**Data section:**
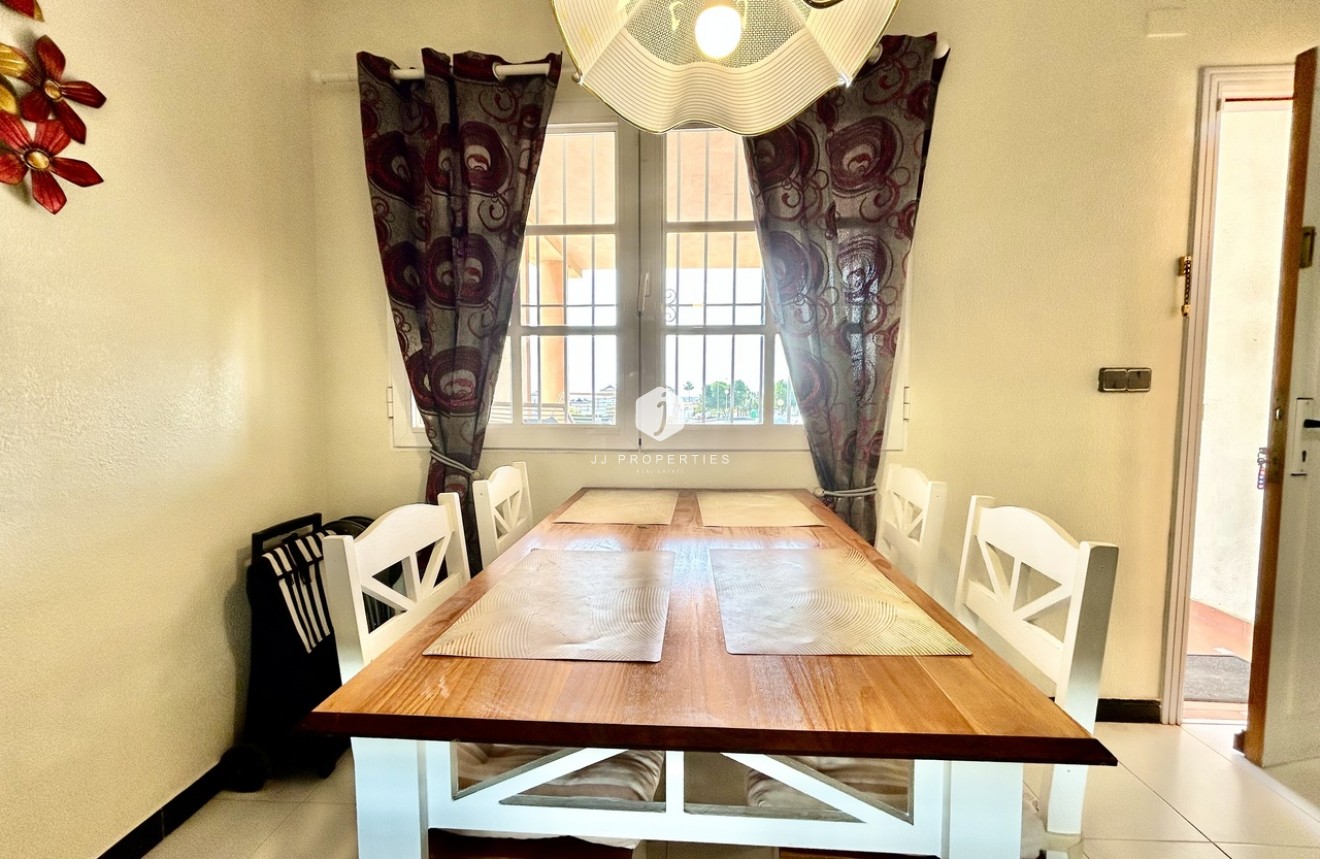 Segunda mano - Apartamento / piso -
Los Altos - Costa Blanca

...

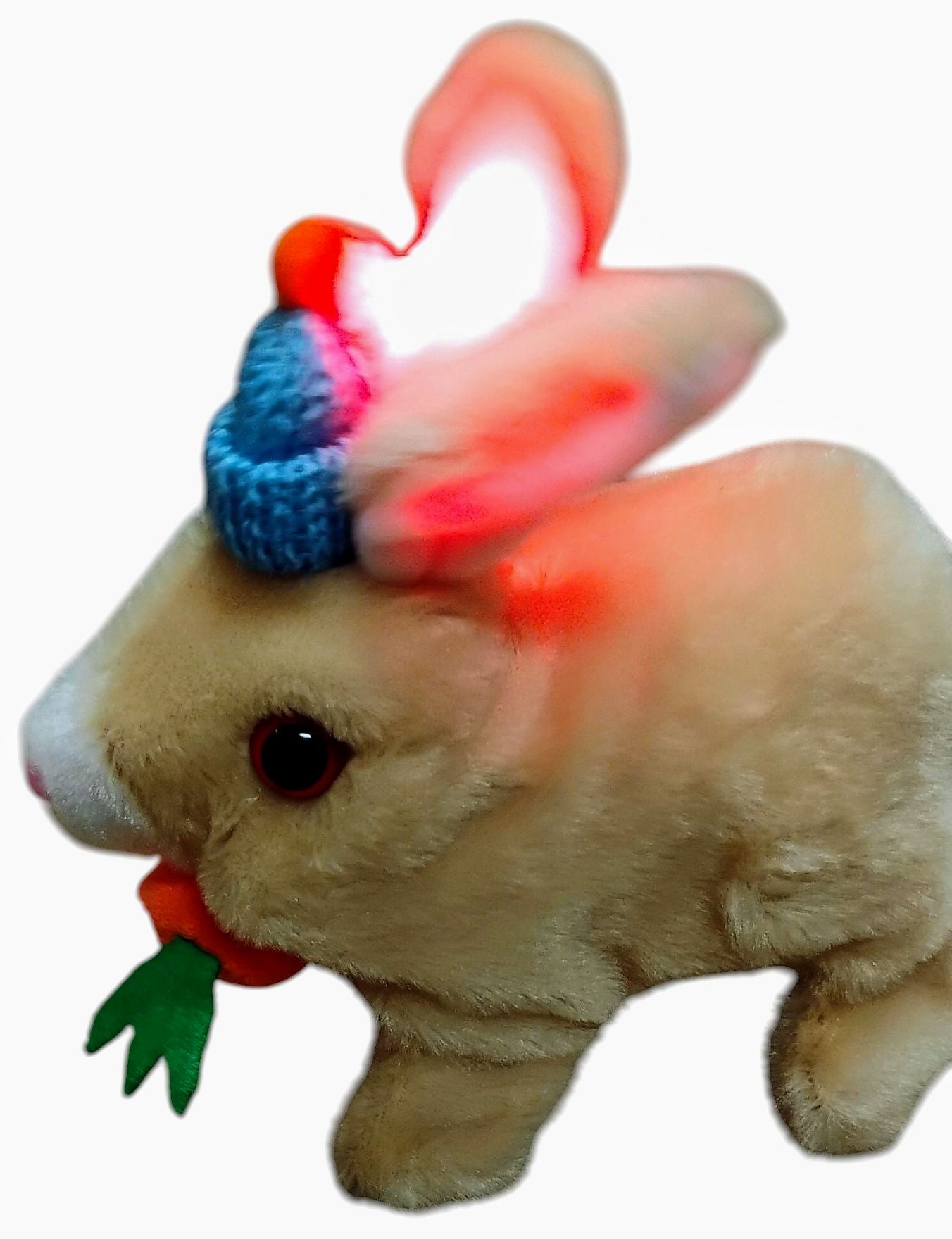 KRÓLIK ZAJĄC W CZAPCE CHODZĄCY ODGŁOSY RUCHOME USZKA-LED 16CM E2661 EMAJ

**Problem:**
Leaving pictures out, output the lines of the data above from the one with "Segunda mano - Apartamento" through the one with "Los Altos - Costa Blanca", word for word.

**Task response:**
 Segunda mano - Apartamento / piso -
Los Altos - Costa Blanca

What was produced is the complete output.